**DESCRIPTION OF THE TASK:**
Could each entry below be printed again exactly as given?

[DATA FOR THIS EXERCISE Boundary: Start]

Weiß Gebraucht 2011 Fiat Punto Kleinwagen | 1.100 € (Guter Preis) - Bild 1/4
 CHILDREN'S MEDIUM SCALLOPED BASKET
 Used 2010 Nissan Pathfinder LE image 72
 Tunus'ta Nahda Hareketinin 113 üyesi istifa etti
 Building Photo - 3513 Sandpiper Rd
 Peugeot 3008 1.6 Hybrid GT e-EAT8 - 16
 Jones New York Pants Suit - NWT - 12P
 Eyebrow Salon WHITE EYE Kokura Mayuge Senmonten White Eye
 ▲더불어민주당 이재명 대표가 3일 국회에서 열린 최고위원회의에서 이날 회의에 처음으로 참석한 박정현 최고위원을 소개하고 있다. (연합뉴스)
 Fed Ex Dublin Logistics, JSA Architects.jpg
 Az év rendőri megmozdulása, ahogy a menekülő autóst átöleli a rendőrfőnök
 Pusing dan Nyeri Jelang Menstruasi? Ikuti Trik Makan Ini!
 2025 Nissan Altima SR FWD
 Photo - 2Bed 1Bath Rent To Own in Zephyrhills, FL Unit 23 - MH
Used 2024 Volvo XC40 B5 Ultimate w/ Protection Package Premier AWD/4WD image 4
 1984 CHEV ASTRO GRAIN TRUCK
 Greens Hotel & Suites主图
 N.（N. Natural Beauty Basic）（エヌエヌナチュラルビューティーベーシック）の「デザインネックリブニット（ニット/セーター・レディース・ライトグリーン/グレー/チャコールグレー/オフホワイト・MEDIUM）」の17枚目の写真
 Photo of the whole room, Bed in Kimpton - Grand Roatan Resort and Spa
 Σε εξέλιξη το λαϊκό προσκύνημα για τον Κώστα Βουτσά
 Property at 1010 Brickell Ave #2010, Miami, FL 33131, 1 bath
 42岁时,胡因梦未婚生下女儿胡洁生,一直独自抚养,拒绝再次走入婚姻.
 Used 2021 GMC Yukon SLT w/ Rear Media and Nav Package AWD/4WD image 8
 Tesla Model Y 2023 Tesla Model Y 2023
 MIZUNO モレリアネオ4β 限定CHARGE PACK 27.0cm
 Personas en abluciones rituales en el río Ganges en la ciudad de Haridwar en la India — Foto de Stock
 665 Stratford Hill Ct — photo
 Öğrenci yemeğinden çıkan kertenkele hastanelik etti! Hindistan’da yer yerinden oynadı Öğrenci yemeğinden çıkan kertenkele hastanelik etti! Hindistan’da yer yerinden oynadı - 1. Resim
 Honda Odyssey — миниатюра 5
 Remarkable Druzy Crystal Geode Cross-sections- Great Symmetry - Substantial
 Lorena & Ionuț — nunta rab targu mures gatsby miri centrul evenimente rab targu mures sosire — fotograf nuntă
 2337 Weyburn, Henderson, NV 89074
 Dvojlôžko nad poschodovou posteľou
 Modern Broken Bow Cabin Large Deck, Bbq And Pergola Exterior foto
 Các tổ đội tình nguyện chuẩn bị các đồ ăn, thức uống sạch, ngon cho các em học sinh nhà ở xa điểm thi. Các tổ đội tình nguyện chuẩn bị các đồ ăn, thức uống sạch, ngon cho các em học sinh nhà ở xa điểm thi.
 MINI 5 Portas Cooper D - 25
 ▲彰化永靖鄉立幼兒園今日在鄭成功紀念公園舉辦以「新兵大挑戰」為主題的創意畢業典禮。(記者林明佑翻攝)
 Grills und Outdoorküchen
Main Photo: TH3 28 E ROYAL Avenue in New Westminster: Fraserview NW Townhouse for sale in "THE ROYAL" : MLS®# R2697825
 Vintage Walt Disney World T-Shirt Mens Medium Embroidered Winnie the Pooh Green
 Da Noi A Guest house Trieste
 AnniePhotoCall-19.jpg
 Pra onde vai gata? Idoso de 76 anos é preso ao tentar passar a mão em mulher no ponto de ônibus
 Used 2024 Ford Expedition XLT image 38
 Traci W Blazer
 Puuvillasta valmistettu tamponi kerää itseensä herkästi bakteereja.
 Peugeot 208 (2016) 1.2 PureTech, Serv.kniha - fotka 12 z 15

[DATA FOR THIS EXERCISE Boundary: End]

**EXPECTED ANSWER:**
Weiß Gebraucht 2011 Fiat Punto Kleinwagen | 1.100 € (Guter Preis) - Bild 1/4
 CHILDREN'S MEDIUM SCALLOPED BASKET
 Used 2010 Nissan Pathfinder LE image 72
 Tunus'ta Nahda Hareketinin 113 üyesi istifa etti
 Building Photo - 3513 Sandpiper Rd
 Peugeot 3008 1.6 Hybrid GT e-EAT8 - 16
 Jones New York Pants Suit - NWT - 12P
 Eyebrow Salon WHITE EYE Kokura Mayuge Senmonten White Eye
 ▲더불어민주당 이재명 대표가 3일 국회에서 열린 최고위원회의에서 이날 회의에 처음으로 참석한 박정현 최고위원을 소개하고 있다. (연합뉴스)
 Fed Ex Dublin Logistics, JSA Architects.jpg
 Az év rendőri megmozdulása, ahogy a menekülő autóst átöleli a rendőrfőnök
 Pusing dan Nyeri Jelang Menstruasi? Ikuti Trik Makan Ini!
 2025 Nissan Altima SR FWD
 Photo - 2Bed 1Bath Rent To Own in Zephyrhills, FL Unit 23 - MH
Used 2024 Volvo XC40 B5 Ultimate w/ Protection Package Premier AWD/4WD image 4
 1984 CHEV ASTRO GRAIN TRUCK
 Greens Hotel & Suites主图
 N.（N. Natural Beauty Basic）（エヌエヌナチュラルビューティーベーシック）の「デザインネックリブニット（ニット/セーター・レディース・ライトグリーン/グレー/チャコールグレー/オフホワイト・MEDIUM）」の17枚目の写真
 Photo of the whole room, Bed in Kimpton - Grand Roatan Resort and Spa
 Σε εξέλιξη το λαϊκό προσκύνημα για τον Κώστα Βουτσά
 Property at 1010 Brickell Ave #2010, Miami, FL 33131, 1 bath
 42岁时,胡因梦未婚生下女儿胡洁生,一直独自抚养,拒绝再次走入婚姻.
 Used 2021 GMC Yukon SLT w/ Rear Media and Nav Package AWD/4WD image 8
 Tesla Model Y 2023 Tesla Model Y 2023
 MIZUNO モレリアネオ4β 限定CHARGE PACK 27.0cm
 Personas en abluciones rituales en el río Ganges en la ciudad de Haridwar en la India — Foto de Stock
 665 Stratford Hill Ct — photo
 Öğrenci yemeğinden çıkan kertenkele hastanelik etti! Hindistan’da yer yerinden oynadı Öğrenci yemeğinden çıkan kertenkele hastanelik etti! Hindistan’da yer yerinden oynadı - 1. Resim
 Honda Odyssey — миниатюра 5
 Remarkable Druzy Crystal Geode Cross-sections- Great Symmetry - Substantial
 Lorena & Ionuț — nunta rab targu mures gatsby miri centrul evenimente rab targu mures sosire — fotograf nuntă
 2337 Weyburn, Henderson, NV 89074
 Dvojlôžko nad poschodovou posteľou
 Modern Broken Bow Cabin Large Deck, Bbq And Pergola Exterior foto
 Các tổ đội tình nguyện chuẩn bị các đồ ăn, thức uống sạch, ngon cho các em học sinh nhà ở xa điểm thi. Các tổ đội tình nguyện chuẩn bị các đồ ăn, thức uống sạch, ngon cho các em học sinh nhà ở xa điểm thi.
 MINI 5 Portas Cooper D - 25
 ▲彰化永靖鄉立幼兒園今日在鄭成功紀念公園舉辦以「新兵大挑戰」為主題的創意畢業典禮。(記者林明佑翻攝)
 Grills und Outdoorküchen
Main Photo: TH3 28 E ROYAL Avenue in New Westminster: Fraserview NW Townhouse for sale in "THE ROYAL" : MLS®# R2697825
 Vintage Walt Disney World T-Shirt Mens Medium Embroidered Winnie the Pooh Green
 Da Noi A Guest house Trieste
 AnniePhotoCall-19.jpg
 Pra onde vai gata? Idoso de 76 anos é preso ao tentar passar a mão em mulher no ponto de ônibus
 Used 2024 Ford Expedition XLT image 38
 Traci W Blazer
 Puuvillasta valmistettu tamponi kerää itseensä herkästi bakteereja.
 Peugeot 208 (2016) 1.2 PureTech, Serv.kniha - fotka 12 z 15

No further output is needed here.